Tim is wrong about the European Union and to suggest that “…nothing registers more strongly on the social injustice front than recommending staying in the EU” is borderline Faragist in its ignorance and bias. The EU, as well as being the primary reason for peace in Europe in our times, is also a force for social progress and for the cross-border sharing of responsibility. It is already clear that in Greece, the most troublesome problem the Union has faced, the social-democratic solution instigated by the country’s leaders in collaboration with their EU partners is working. The Eurosceptics were wrong on Greece as they have been on everything. The doom-laden scenarios peddled by the likes of Tim a year or so ago just haven’t come to pass.

Tim’s own arguments are contradictory. He says that “Austerity” in Greece is causing hardship but he wants the UK’s deficit to be addressed. And the only way to do this would of course be with Austerity. Not good for the Greeks but OK for us. Very odd!

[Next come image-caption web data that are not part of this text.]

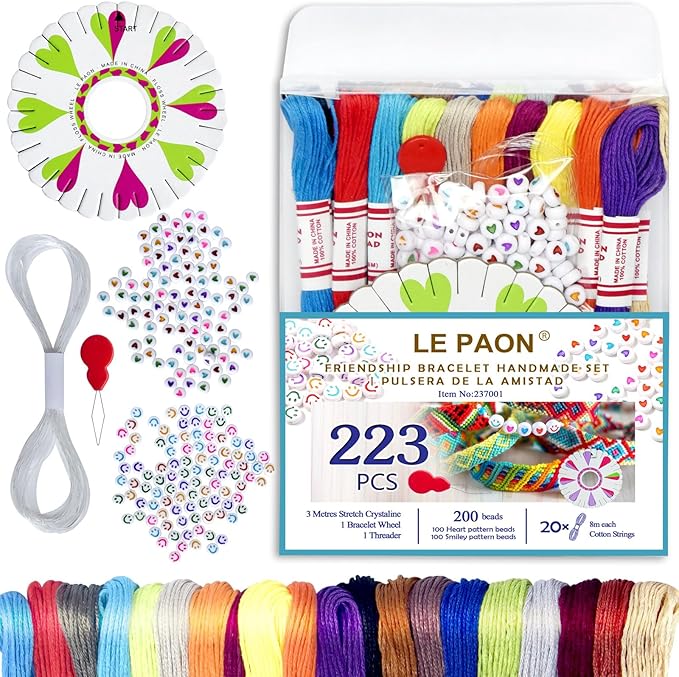 LE PAON 20 skiens Embroidery Floss，Embroidery Thread Friendship Bracelet Stitch Kit， Crafts Thread with 200beads，1 roll of Transparent Thread, 1 Bracelet Wheel，1 Threader
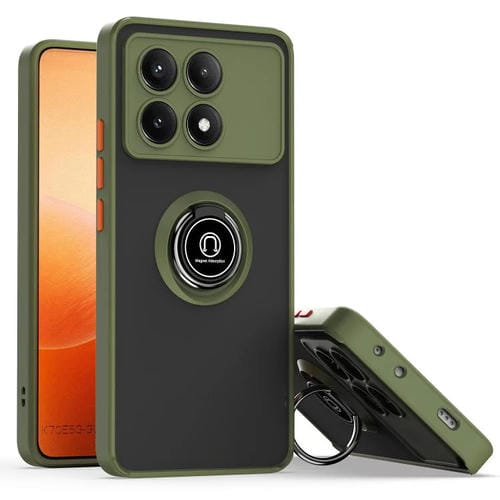 Funda de TPU + PC con anillo para Xiaomi Poco X6 Pro Q Shadow 1 Series (verde militar)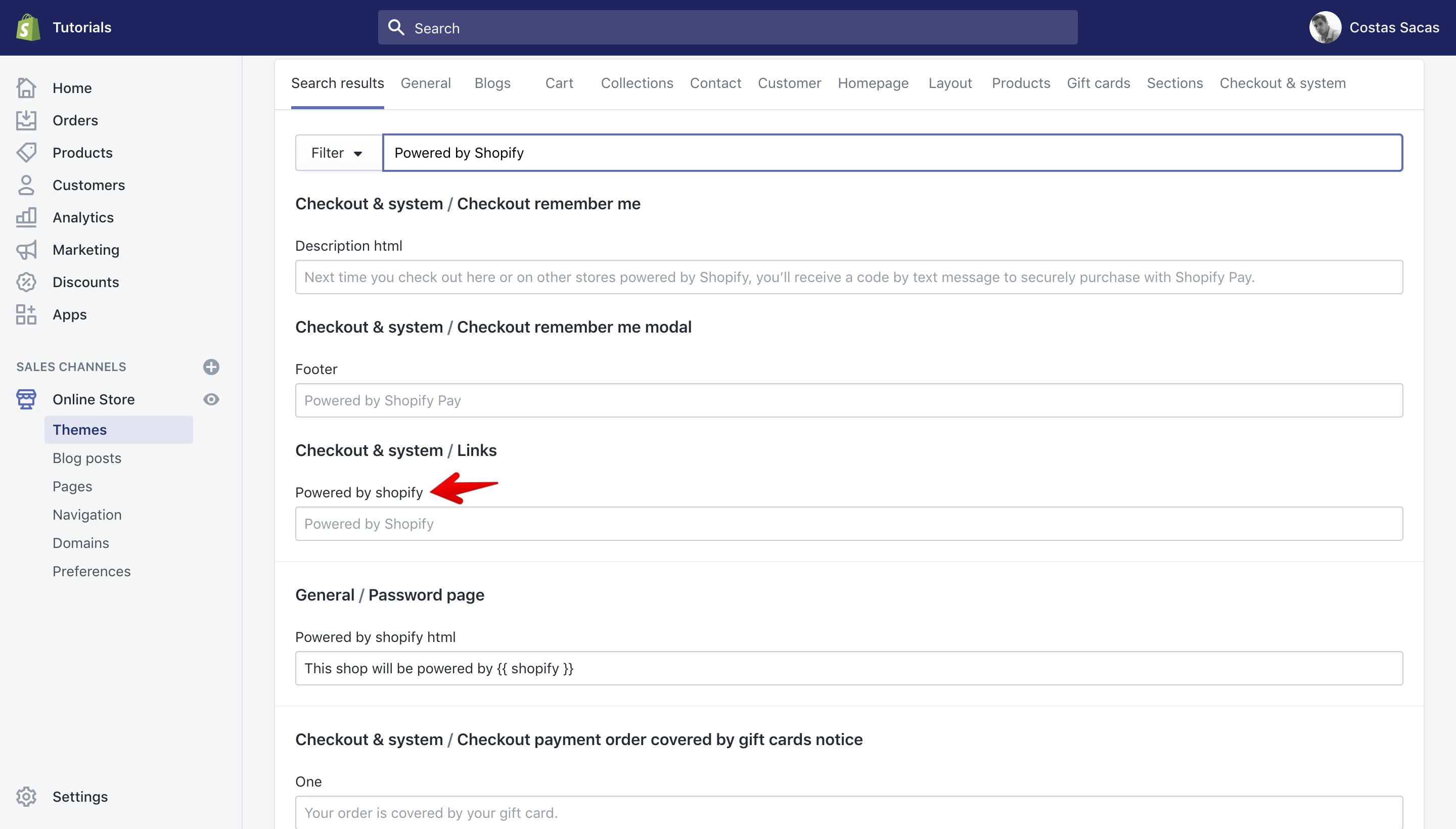 Shopify listing 'Powered by Shopify' copyright results.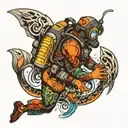 scuba diver tattoo design idea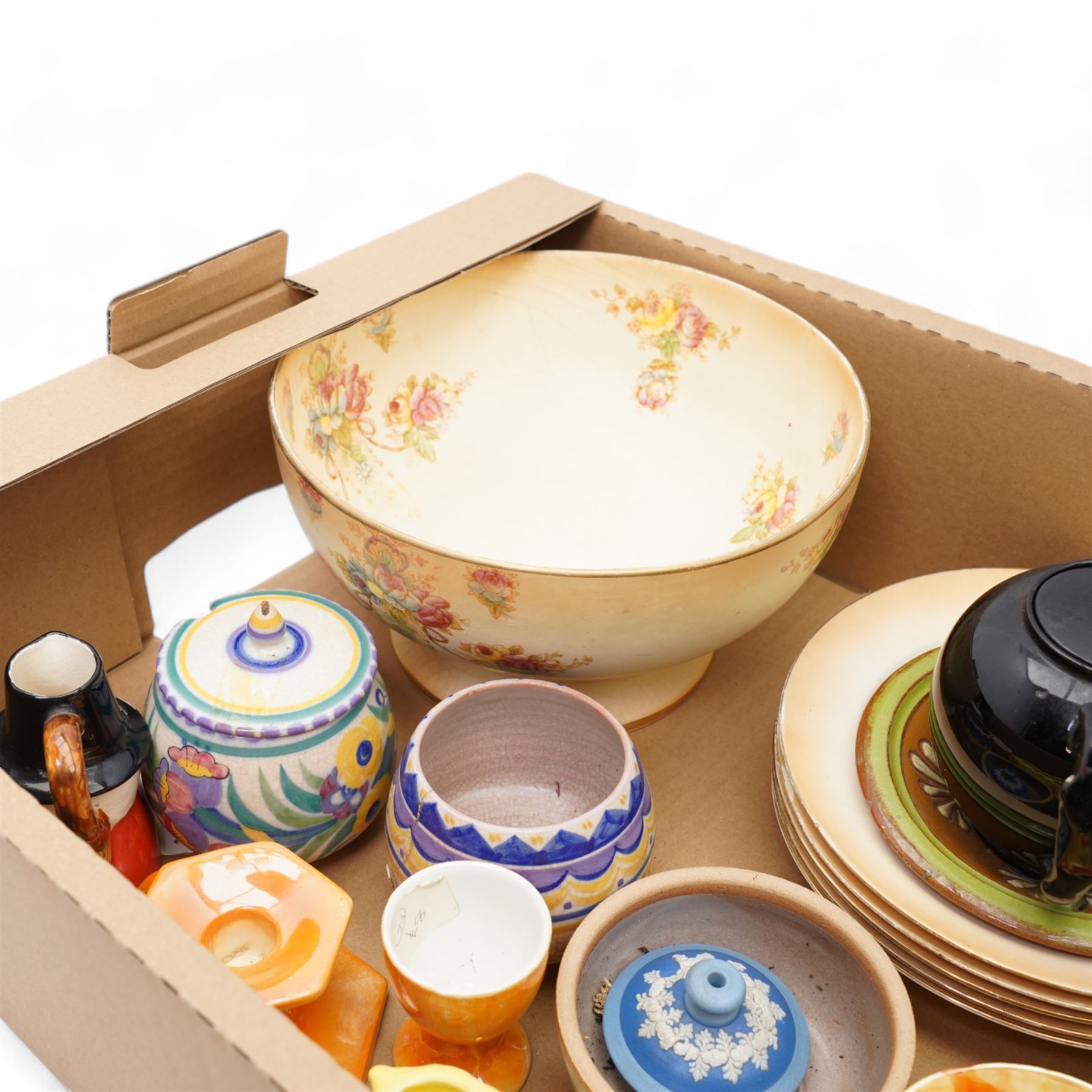 Fieldings Crown Devon items including fruit bowl, five dessert bowls and teapot, Poole pottery preserve jar, Sylvac posy holder, Frosted art glass tulip vase, similar lily vase, two Belleek saucers, assorted cups and saucers etc contents in two boxes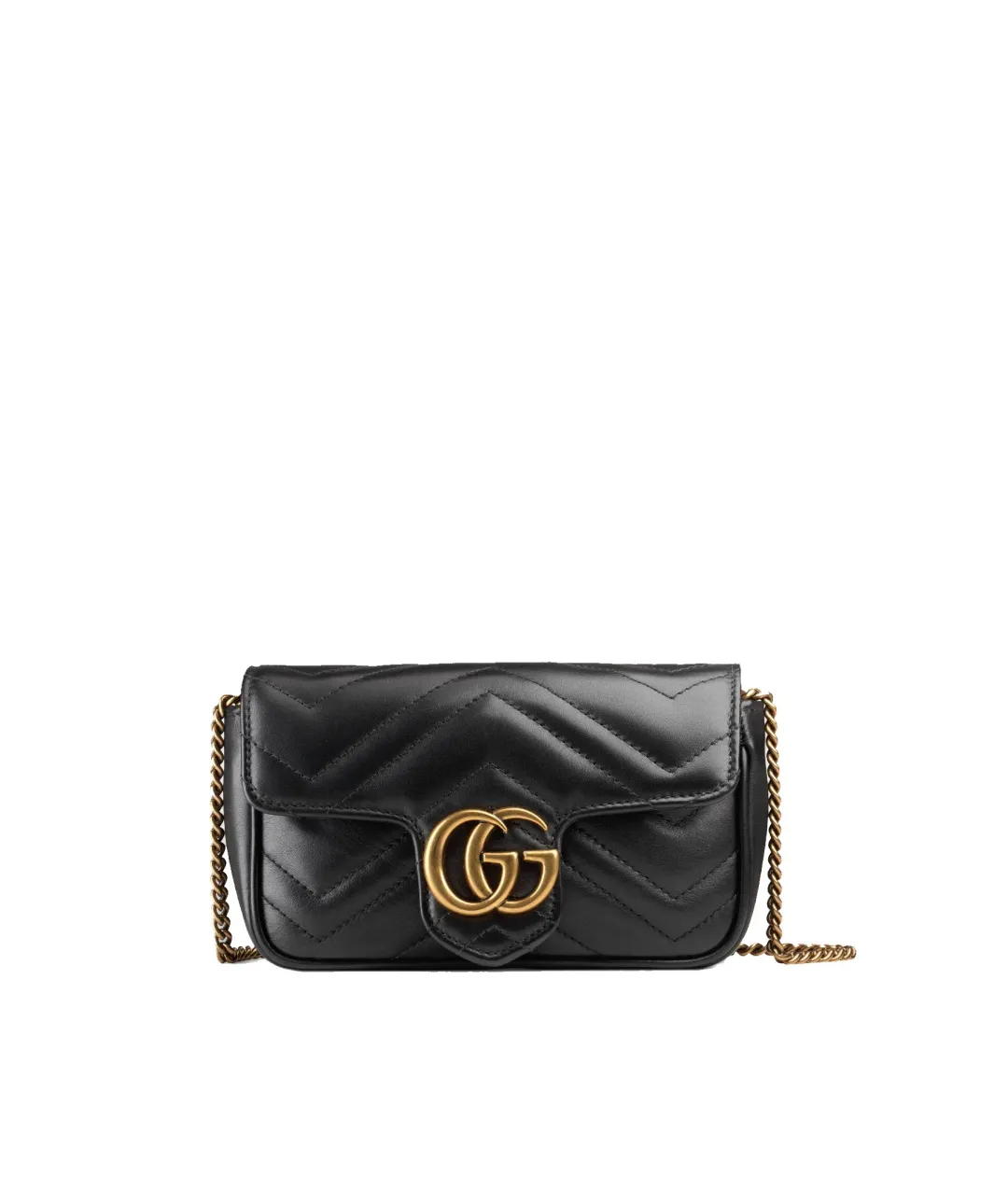 Gucci Marmont Matelelasse Leather Super Mini Bag Black  for rent on The Volte - main image
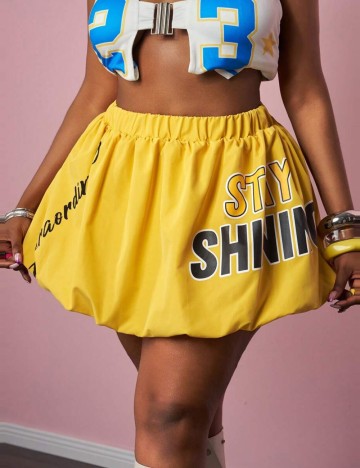 Fustă mini Shein Curve+, galben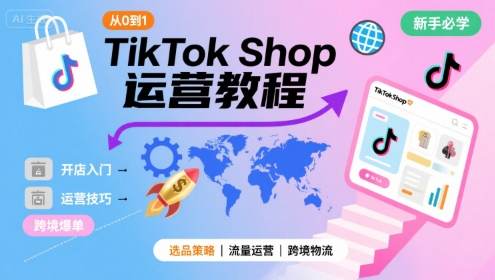 TikTok Shop从0到1运营教程，TikTok跨境电商新手必学课程-小何资源库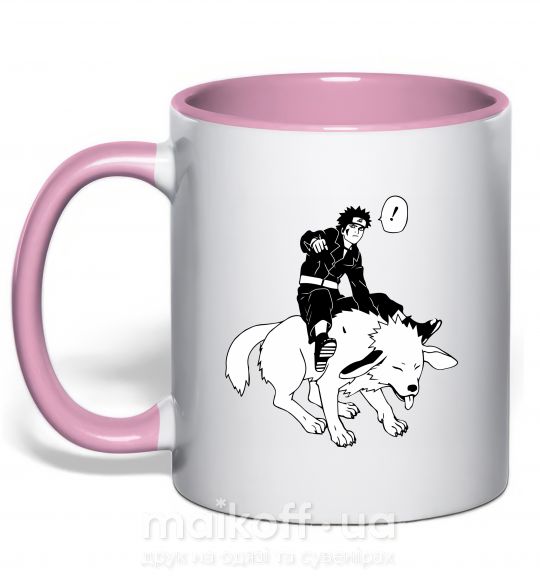 Чашка с цветной ручкой Naruto Киба на собаке Нежно розовый фото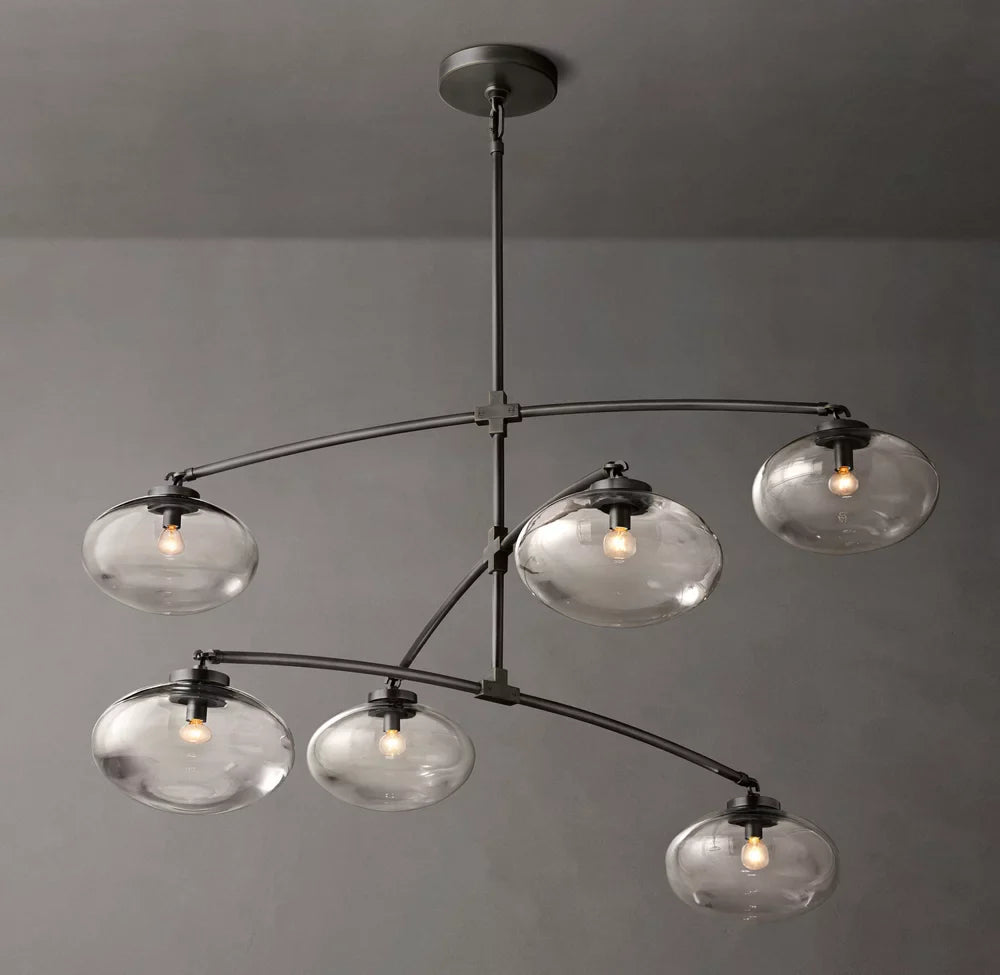 Side view of glass chandelier for scale and shape reference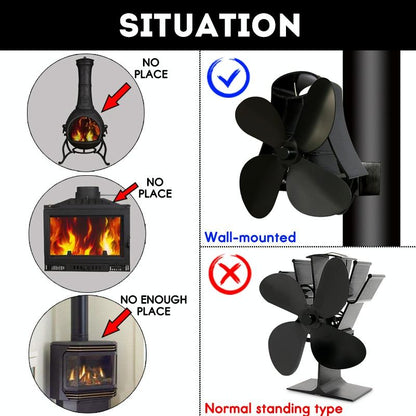 4-blade Heat Powered Fireplace Stove Fan - Aluminum - Silver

Maybe Tim is not a natural Party man and there is no shame in that. I admire his social conscience and am certain that it is genuine. But his politics are so far from the “Art of the Possible” that they are almost Corbynesque! David Cameron governs from the Centre not because he believes it is right but because he believes it is electorally effective to do so. The General Election proved that he was right. There has only been one extremist Prime Minister in my lifetime and she is the one that Tim reveres. All the rest from Macmillan to Wilson and Heath and Major via Blair to Cameron have been from the Centre – and they have been internationalist as well. I very much doubt that the policies being articulated by Jeremy Corbyn are electable and I am certain that those being pushed here by Tim as his reason for leaving the Conservatives, along with the narrow nationalism, wouldn't  be electable either.

There is nothing disrespectable about governing from the centre. It’s not going to go away Tim. It really isn’t.